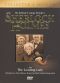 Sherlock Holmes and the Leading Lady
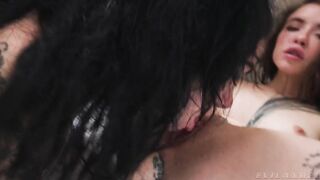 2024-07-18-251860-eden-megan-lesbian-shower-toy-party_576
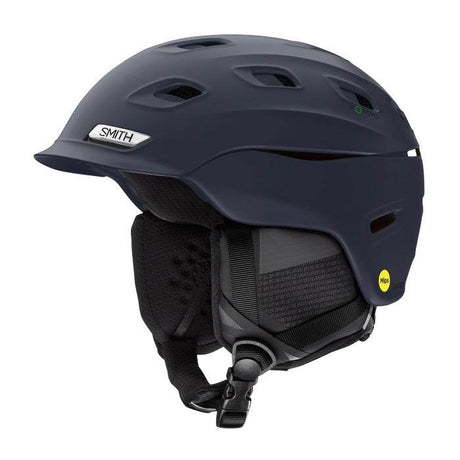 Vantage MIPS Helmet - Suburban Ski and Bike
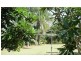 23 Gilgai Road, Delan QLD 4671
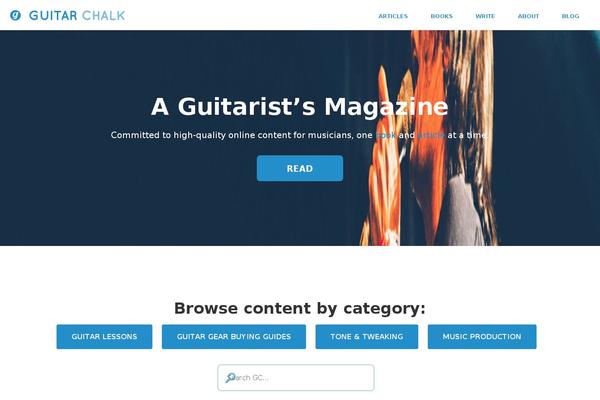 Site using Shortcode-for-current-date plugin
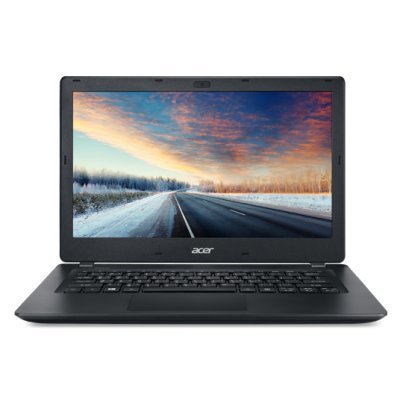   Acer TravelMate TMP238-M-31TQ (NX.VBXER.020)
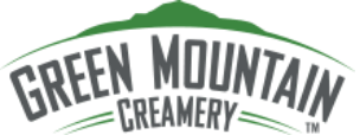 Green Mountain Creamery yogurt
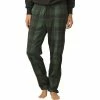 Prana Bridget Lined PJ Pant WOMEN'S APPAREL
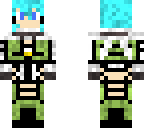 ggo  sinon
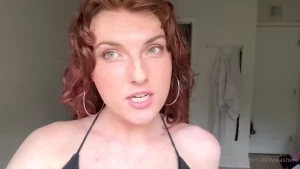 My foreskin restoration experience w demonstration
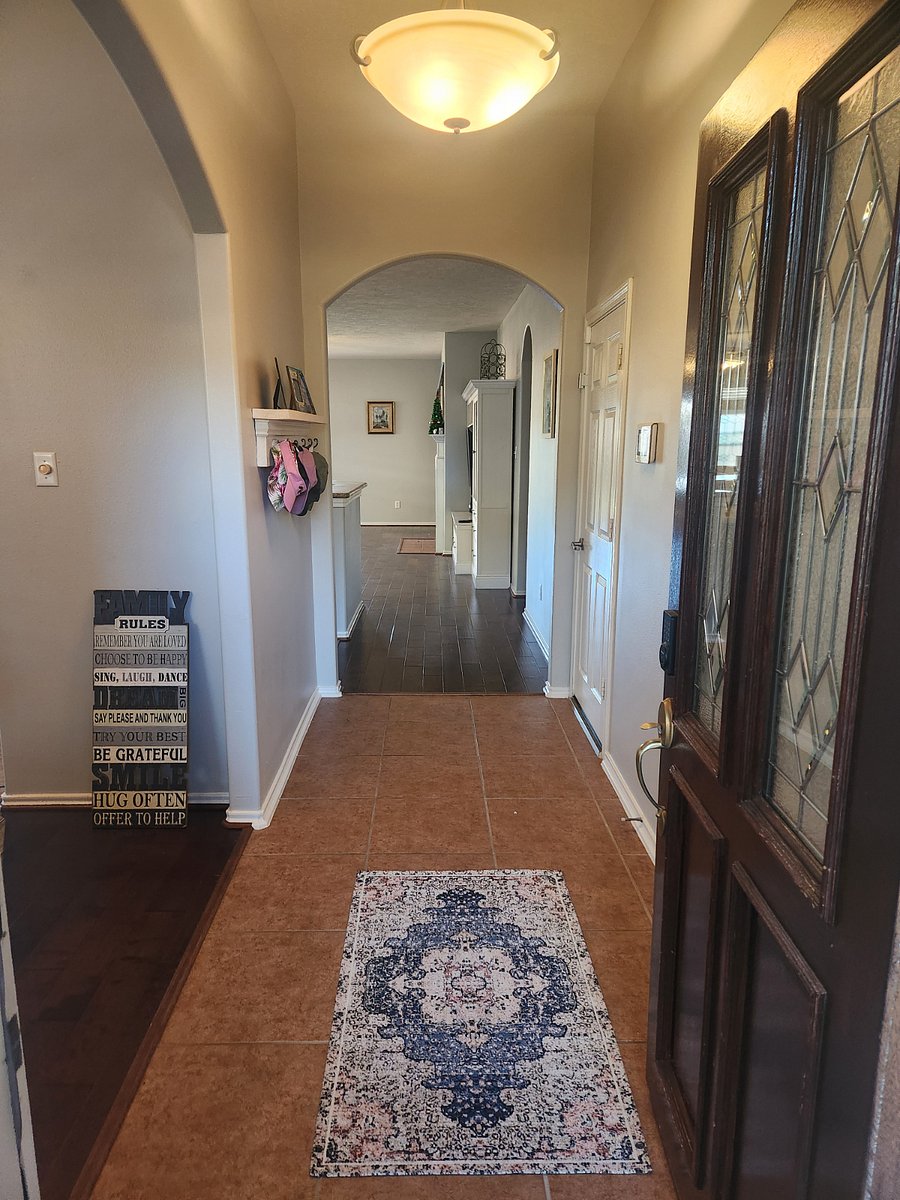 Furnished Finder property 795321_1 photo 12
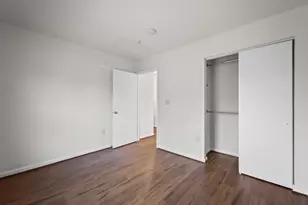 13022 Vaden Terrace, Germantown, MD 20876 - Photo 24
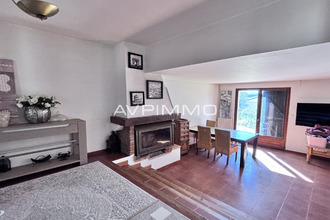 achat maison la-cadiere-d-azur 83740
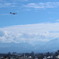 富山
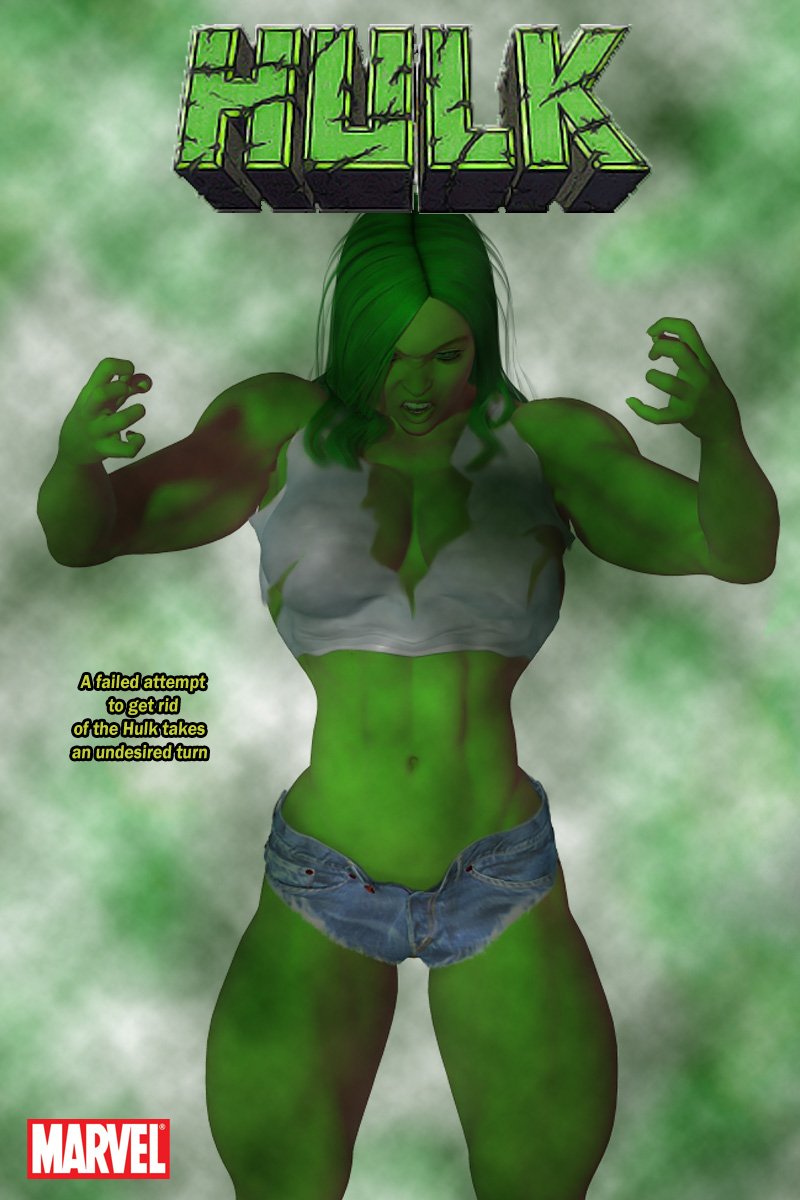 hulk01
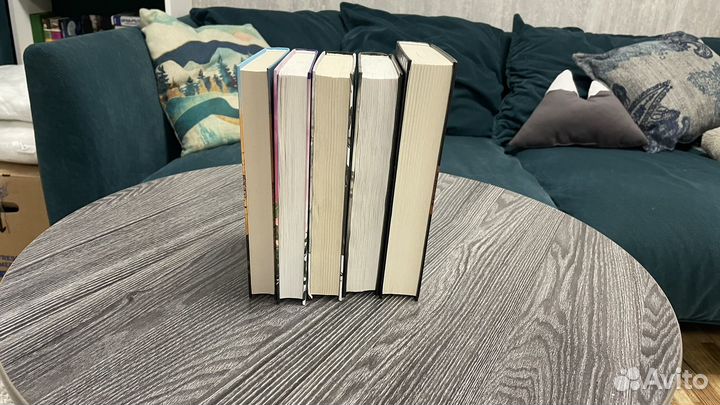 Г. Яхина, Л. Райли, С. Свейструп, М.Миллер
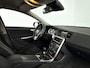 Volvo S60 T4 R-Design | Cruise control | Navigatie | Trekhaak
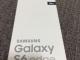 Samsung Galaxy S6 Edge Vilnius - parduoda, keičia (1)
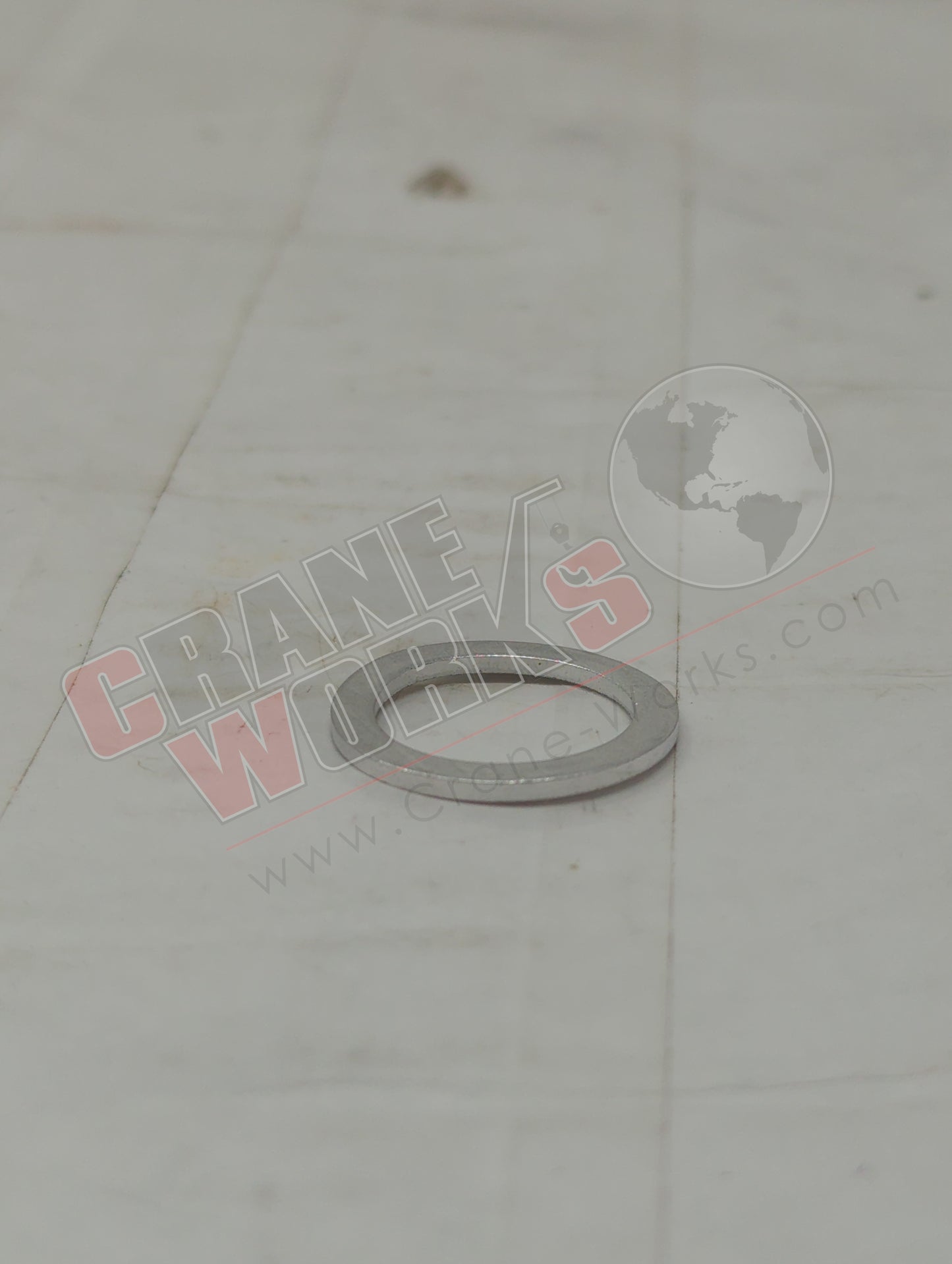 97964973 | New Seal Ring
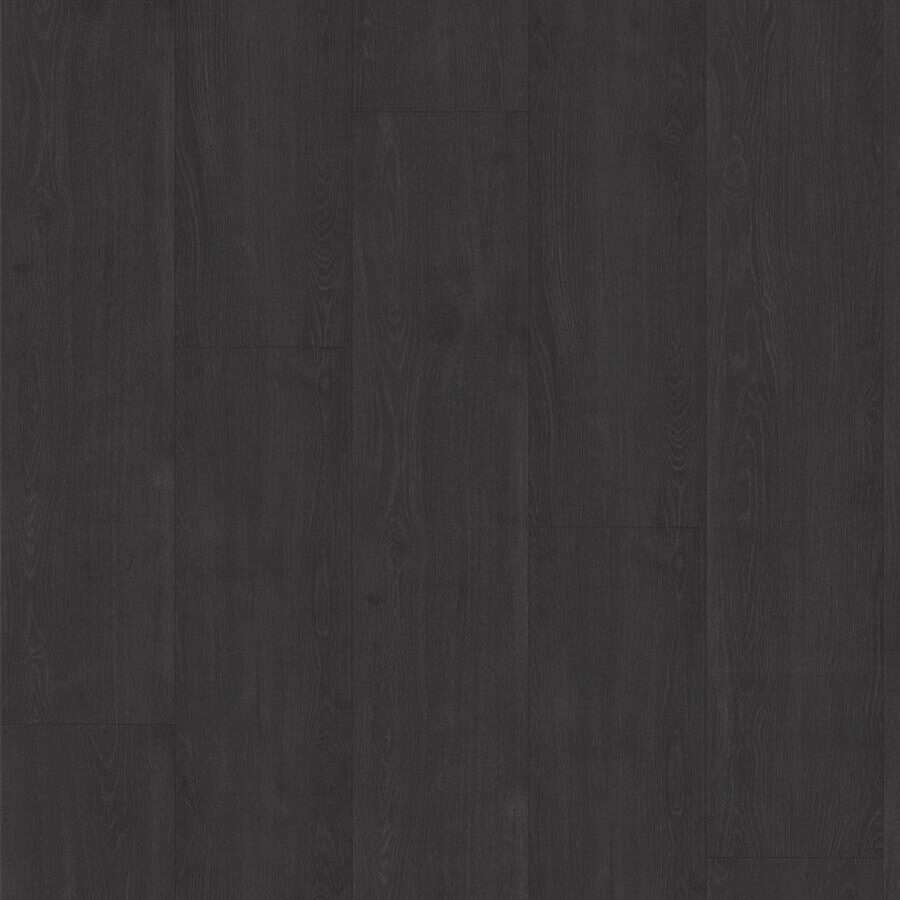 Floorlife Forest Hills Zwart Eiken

##############################

*TASK:* Output exactly the lines from the one that has "Samsung Galaxy S6" through the end of the data. Do not include pictures.

*TASK SOLUTION:*
 Samsung Galaxy S6 Edge Vilnius - parduoda, keičia (1)
 97964973 | New Seal Ring
 Floorlife Forest Hills Zwart Eiken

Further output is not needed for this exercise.